++++ SOURCE RECORDS
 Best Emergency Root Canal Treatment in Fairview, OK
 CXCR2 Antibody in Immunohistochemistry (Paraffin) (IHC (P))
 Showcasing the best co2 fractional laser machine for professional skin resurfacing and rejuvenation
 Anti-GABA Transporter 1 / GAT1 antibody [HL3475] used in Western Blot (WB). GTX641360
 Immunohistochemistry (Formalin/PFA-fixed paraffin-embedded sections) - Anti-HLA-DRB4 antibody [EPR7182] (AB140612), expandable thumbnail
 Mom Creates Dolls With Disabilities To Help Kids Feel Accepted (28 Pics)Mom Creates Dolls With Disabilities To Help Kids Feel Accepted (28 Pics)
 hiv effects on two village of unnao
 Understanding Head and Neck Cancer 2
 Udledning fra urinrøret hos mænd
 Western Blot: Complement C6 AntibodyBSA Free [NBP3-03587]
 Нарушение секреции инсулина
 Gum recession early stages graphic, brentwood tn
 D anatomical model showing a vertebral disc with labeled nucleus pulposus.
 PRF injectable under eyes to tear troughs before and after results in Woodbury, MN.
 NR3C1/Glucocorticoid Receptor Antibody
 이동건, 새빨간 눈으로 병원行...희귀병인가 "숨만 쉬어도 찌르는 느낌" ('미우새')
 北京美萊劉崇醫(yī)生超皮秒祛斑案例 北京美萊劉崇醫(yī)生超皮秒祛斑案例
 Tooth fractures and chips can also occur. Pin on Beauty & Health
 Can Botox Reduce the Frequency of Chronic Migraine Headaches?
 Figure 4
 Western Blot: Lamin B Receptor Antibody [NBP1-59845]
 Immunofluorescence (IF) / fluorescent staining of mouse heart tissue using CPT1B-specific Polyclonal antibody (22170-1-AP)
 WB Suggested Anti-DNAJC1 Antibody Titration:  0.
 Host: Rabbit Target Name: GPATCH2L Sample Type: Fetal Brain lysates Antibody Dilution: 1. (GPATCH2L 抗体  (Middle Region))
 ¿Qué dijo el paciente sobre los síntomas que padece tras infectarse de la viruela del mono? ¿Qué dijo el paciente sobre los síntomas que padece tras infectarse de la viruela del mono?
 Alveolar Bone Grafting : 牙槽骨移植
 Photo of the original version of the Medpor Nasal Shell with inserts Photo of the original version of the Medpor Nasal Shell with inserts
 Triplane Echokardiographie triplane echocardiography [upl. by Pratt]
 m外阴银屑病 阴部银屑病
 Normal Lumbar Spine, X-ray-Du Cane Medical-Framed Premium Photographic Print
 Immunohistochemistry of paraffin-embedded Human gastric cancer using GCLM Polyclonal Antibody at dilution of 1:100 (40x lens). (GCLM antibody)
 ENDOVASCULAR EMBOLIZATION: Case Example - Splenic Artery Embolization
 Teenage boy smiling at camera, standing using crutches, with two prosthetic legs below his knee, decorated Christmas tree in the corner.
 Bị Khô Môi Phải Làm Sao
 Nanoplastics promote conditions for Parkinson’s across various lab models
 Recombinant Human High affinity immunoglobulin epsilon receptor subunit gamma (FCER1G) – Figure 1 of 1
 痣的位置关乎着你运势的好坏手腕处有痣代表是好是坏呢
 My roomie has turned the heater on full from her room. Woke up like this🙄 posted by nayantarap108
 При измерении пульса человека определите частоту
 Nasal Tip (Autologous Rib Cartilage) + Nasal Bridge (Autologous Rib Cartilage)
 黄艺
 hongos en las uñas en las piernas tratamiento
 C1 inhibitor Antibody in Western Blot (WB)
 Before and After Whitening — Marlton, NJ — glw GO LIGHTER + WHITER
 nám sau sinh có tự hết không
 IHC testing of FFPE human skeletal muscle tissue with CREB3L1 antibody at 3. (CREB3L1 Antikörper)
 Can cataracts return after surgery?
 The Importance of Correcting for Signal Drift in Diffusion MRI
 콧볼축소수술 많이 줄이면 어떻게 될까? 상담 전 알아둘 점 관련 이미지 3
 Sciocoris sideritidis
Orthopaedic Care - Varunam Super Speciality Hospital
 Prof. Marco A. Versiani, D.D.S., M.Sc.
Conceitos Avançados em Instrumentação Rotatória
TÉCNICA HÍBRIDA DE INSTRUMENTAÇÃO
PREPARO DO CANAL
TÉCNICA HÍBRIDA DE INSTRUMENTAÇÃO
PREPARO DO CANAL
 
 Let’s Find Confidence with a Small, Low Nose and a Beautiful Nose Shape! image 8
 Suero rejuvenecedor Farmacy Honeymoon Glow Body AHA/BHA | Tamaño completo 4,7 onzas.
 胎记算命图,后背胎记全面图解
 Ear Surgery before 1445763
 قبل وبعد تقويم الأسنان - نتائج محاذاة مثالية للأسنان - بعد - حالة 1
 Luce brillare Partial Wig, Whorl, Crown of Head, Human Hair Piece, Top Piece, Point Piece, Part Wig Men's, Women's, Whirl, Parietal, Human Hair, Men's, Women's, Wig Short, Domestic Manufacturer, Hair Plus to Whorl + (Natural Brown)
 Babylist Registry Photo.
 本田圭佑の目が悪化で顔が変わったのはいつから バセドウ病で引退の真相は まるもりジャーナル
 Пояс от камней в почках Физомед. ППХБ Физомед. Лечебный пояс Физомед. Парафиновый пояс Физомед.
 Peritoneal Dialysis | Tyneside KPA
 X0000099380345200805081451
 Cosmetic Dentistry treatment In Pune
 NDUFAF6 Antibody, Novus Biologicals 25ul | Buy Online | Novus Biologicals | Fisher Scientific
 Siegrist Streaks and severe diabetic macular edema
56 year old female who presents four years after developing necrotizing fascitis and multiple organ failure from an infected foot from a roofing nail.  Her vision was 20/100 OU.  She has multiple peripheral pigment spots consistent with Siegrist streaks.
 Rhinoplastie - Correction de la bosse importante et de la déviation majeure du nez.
++++++++
> [WHAT THE TASK REQUIRES]:
Copy every line of the material in which the word "Blot" occurs.

> [SOLUTION FOR THIS EXERCISE]:
 Anti-GABA Transporter 1 / GAT1 antibody [HL3475] used in Western Blot (WB). GTX641360
 Western Blot: Complement C6 AntibodyBSA Free [NBP3-03587]
 Western Blot: Lamin B Receptor Antibody [NBP1-59845]
 C1 inhibitor Antibody in Western Blot (WB)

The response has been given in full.